Caption-style text data:
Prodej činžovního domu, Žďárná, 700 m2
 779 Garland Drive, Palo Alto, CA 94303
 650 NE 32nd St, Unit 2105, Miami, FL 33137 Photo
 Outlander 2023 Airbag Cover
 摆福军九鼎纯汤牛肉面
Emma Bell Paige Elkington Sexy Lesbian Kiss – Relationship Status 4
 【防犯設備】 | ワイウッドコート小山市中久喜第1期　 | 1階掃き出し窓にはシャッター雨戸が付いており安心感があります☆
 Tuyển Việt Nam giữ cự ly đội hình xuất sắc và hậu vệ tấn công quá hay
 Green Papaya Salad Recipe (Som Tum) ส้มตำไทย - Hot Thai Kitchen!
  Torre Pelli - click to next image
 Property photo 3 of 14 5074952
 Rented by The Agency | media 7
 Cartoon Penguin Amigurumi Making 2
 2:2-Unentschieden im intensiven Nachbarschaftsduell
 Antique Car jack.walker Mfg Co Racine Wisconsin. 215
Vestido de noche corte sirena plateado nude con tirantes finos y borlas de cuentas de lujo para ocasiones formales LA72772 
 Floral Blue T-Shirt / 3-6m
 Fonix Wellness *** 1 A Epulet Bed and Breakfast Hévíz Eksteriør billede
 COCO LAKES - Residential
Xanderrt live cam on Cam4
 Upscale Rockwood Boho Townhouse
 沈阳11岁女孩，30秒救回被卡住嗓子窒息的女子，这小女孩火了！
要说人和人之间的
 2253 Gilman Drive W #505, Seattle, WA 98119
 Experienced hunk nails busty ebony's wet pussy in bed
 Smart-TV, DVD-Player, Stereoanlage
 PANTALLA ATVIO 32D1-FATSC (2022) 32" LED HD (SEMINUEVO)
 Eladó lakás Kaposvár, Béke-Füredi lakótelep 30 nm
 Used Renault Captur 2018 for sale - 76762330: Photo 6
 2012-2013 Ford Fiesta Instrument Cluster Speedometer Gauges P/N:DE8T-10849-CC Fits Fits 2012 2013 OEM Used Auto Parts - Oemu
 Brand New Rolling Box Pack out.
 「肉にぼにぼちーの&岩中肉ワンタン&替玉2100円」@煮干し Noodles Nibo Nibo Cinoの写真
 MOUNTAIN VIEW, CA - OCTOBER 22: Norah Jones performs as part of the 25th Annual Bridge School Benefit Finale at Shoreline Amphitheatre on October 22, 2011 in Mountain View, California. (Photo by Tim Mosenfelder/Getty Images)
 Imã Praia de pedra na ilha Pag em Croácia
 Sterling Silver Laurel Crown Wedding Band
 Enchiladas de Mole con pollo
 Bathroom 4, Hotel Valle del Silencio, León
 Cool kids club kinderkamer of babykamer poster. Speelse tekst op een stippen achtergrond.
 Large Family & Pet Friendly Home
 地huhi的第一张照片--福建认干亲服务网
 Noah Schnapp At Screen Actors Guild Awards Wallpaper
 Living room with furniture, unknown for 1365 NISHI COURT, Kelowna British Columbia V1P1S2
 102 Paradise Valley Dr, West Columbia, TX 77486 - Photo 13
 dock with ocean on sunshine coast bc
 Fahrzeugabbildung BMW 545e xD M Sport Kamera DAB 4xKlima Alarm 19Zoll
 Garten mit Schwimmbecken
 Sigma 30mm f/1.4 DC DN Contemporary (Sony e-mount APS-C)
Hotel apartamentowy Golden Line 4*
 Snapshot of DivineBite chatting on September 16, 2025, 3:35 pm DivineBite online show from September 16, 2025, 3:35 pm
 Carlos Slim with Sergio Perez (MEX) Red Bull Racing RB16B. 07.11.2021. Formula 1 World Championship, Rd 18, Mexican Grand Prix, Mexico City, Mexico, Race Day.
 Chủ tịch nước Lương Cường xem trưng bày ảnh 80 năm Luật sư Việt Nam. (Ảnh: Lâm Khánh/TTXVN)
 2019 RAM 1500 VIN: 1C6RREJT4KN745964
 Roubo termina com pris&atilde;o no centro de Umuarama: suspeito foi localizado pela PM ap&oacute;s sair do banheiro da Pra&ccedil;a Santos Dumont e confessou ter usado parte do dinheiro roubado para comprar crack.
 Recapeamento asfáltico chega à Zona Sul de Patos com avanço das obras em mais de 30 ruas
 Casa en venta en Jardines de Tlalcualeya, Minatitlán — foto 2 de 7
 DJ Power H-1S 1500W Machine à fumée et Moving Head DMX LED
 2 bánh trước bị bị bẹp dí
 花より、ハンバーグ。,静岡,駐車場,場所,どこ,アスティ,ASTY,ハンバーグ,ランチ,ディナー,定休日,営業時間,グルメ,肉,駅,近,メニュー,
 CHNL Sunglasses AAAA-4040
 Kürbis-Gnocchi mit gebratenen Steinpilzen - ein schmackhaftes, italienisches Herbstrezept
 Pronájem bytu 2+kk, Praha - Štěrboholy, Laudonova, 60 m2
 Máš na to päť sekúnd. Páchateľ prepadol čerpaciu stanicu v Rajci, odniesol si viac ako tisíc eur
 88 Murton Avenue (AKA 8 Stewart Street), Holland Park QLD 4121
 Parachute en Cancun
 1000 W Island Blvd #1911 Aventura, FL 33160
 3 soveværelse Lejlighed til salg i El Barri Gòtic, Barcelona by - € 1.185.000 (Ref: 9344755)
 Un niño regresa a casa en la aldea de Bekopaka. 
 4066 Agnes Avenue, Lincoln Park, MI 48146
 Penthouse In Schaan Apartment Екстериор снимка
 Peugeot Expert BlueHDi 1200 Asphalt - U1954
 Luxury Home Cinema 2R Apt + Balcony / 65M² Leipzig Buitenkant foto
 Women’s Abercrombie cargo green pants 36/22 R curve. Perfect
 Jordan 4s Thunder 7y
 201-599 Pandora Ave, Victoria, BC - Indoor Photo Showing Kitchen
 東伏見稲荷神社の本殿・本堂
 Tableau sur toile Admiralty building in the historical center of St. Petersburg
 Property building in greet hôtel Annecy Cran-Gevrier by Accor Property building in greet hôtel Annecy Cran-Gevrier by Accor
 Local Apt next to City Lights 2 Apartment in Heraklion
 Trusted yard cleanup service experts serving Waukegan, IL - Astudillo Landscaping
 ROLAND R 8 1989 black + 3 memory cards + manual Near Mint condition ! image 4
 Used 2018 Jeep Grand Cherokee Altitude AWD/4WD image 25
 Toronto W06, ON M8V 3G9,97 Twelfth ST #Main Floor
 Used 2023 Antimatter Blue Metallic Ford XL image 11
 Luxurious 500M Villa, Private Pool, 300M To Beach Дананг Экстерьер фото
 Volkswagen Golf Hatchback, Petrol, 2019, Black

*EXERCISE DETAILS*. The entries above should be copied out exactly, with none left out.

*RESULT BELOW*.
Prodej činžovního domu, Žďárná, 700 m2
 779 Garland Drive, Palo Alto, CA 94303
 650 NE 32nd St, Unit 2105, Miami, FL 33137 Photo
 Outlander 2023 Airbag Cover
 摆福军九鼎纯汤牛肉面
Emma Bell Paige Elkington Sexy Lesbian Kiss – Relationship Status 4
 【防犯設備】 | ワイウッドコート小山市中久喜第1期　 | 1階掃き出し窓にはシャッター雨戸が付いており安心感があります☆
 Tuyển Việt Nam giữ cự ly đội hình xuất sắc và hậu vệ tấn công quá hay
 Green Papaya Salad Recipe (Som Tum) ส้มตำไทย - Hot Thai Kitchen!
  Torre Pelli - click to next image
 Property photo 3 of 14 5074952
 Rented by The Agency | media 7
 Cartoon Penguin Amigurumi Making 2
 2:2-Unentschieden im intensiven Nachbarschaftsduell
 Antique Car jack.walker Mfg Co Racine Wisconsin. 215
Vestido de noche corte sirena plateado nude con tirantes finos y borlas de cuentas de lujo para ocasiones formales LA72772 
 Floral Blue T-Shirt / 3-6m
 Fonix Wellness *** 1 A Epulet Bed and Breakfast Hévíz Eksteriør billede
 COCO LAKES - Residential
Xanderrt live cam on Cam4
 Upscale Rockwood Boho Townhouse
 沈阳11岁女孩，30秒救回被卡住嗓子窒息的女子，这小女孩火了！
要说人和人之间的
 2253 Gilman Drive W #505, Seattle, WA 98119
 Experienced hunk nails busty ebony's wet pussy in bed
 Smart-TV, DVD-Player, Stereoanlage
 PANTALLA ATVIO 32D1-FATSC (2022) 32" LED HD (SEMINUEVO)
 Eladó lakás Kaposvár, Béke-Füredi lakótelep 30 nm
 Used Renault Captur 2018 for sale - 76762330: Photo 6
 2012-2013 Ford Fiesta Instrument Cluster Speedometer Gauges P/N:DE8T-10849-CC Fits Fits 2012 2013 OEM Used Auto Parts - Oemu
 Brand New Rolling Box Pack out.
 「肉にぼにぼちーの&岩中肉ワンタン&替玉2100円」@煮干し Noodles Nibo Nibo Cinoの写真
 MOUNTAIN VIEW, CA - OCTOBER 22: Norah Jones performs as part of the 25th Annual Bridge School Benefit Finale at Shoreline Amphitheatre on October 22, 2011 in Mountain View, California. (Photo by Tim Mosenfelder/Getty Images)
 Imã Praia de pedra na ilha Pag em Croácia
 Sterling Silver Laurel Crown Wedding Band
 Enchiladas de Mole con pollo
 Bathroom 4, Hotel Valle del Silencio, León
 Cool kids club kinderkamer of babykamer poster. Speelse tekst op een stippen achtergrond.
 Large Family & Pet Friendly Home
 地huhi的第一张照片--福建认干亲服务网
 Noah Schnapp At Screen Actors Guild Awards Wallpaper
 Living room with furniture, unknown for 1365 NISHI COURT, Kelowna British Columbia V1P1S2
 102 Paradise Valley Dr, West Columbia, TX 77486 - Photo 13
 dock with ocean on sunshine coast bc
 Fahrzeugabbildung BMW 545e xD M Sport Kamera DAB 4xKlima Alarm 19Zoll
 Garten mit Schwimmbecken
 Sigma 30mm f/1.4 DC DN Contemporary (Sony e-mount APS-C)
Hotel apartamentowy Golden Line 4*
 Snapshot of DivineBite chatting on September 16, 2025, 3:35 pm DivineBite online show from September 16, 2025, 3:35 pm
 Carlos Slim with Sergio Perez (MEX) Red Bull Racing RB16B. 07.11.2021. Formula 1 World Championship, Rd 18, Mexican Grand Prix, Mexico City, Mexico, Race Day.
 Chủ tịch nước Lương Cường xem trưng bày ảnh 80 năm Luật sư Việt Nam. (Ảnh: Lâm Khánh/TTXVN)
 2019 RAM 1500 VIN: 1C6RREJT4KN745964
 Roubo termina com pris&atilde;o no centro de Umuarama: suspeito foi localizado pela PM ap&oacute;s sair do banheiro da Pra&ccedil;a Santos Dumont e confessou ter usado parte do dinheiro roubado para comprar crack.
 Recapeamento asfáltico chega à Zona Sul de Patos com avanço das obras em mais de 30 ruas
 Casa en venta en Jardines de Tlalcualeya, Minatitlán — foto 2 de 7
 DJ Power H-1S 1500W Machine à fumée et Moving Head DMX LED
 2 bánh trước bị bị bẹp dí
 花より、ハンバーグ。,静岡,駐車場,場所,どこ,アスティ,ASTY,ハンバーグ,ランチ,ディナー,定休日,営業時間,グルメ,肉,駅,近,メニュー,
 CHNL Sunglasses AAAA-4040
 Kürbis-Gnocchi mit gebratenen Steinpilzen - ein schmackhaftes, italienisches Herbstrezept
 Pronájem bytu 2+kk, Praha - Štěrboholy, Laudonova, 60 m2
 Máš na to päť sekúnd. Páchateľ prepadol čerpaciu stanicu v Rajci, odniesol si viac ako tisíc eur
 88 Murton Avenue (AKA 8 Stewart Street), Holland Park QLD 4121
 Parachute en Cancun
 1000 W Island Blvd #1911 Aventura, FL 33160
 3 soveværelse Lejlighed til salg i El Barri Gòtic, Barcelona by - € 1.185.000 (Ref: 9344755)
 Un niño regresa a casa en la aldea de Bekopaka. 
 4066 Agnes Avenue, Lincoln Park, MI 48146
 Penthouse In Schaan Apartment Екстериор снимка
 Peugeot Expert BlueHDi 1200 Asphalt - U1954
 Luxury Home Cinema 2R Apt + Balcony / 65M² Leipzig Buitenkant foto
 Women’s Abercrombie cargo green pants 36/22 R curve. Perfect
 Jordan 4s Thunder 7y
 201-599 Pandora Ave, Victoria, BC - Indoor Photo Showing Kitchen
 東伏見稲荷神社の本殿・本堂
 Tableau sur toile Admiralty building in the historical center of St. Petersburg
 Property building in greet hôtel Annecy Cran-Gevrier by Accor Property building in greet hôtel Annecy Cran-Gevrier by Accor
 Local Apt next to City Lights 2 Apartment in Heraklion
 Trusted yard cleanup service experts serving Waukegan, IL - Astudillo Landscaping
 ROLAND R 8 1989 black + 3 memory cards + manual Near Mint condition ! image 4
 Used 2018 Jeep Grand Cherokee Altitude AWD/4WD image 25
 Toronto W06, ON M8V 3G9,97 Twelfth ST #Main Floor
 Used 2023 Antimatter Blue Metallic Ford XL image 11
 Luxurious 500M Villa, Private Pool, 300M To Beach Дананг Экстерьер фото
 Volkswagen Golf Hatchback, Petrol, 2019, Black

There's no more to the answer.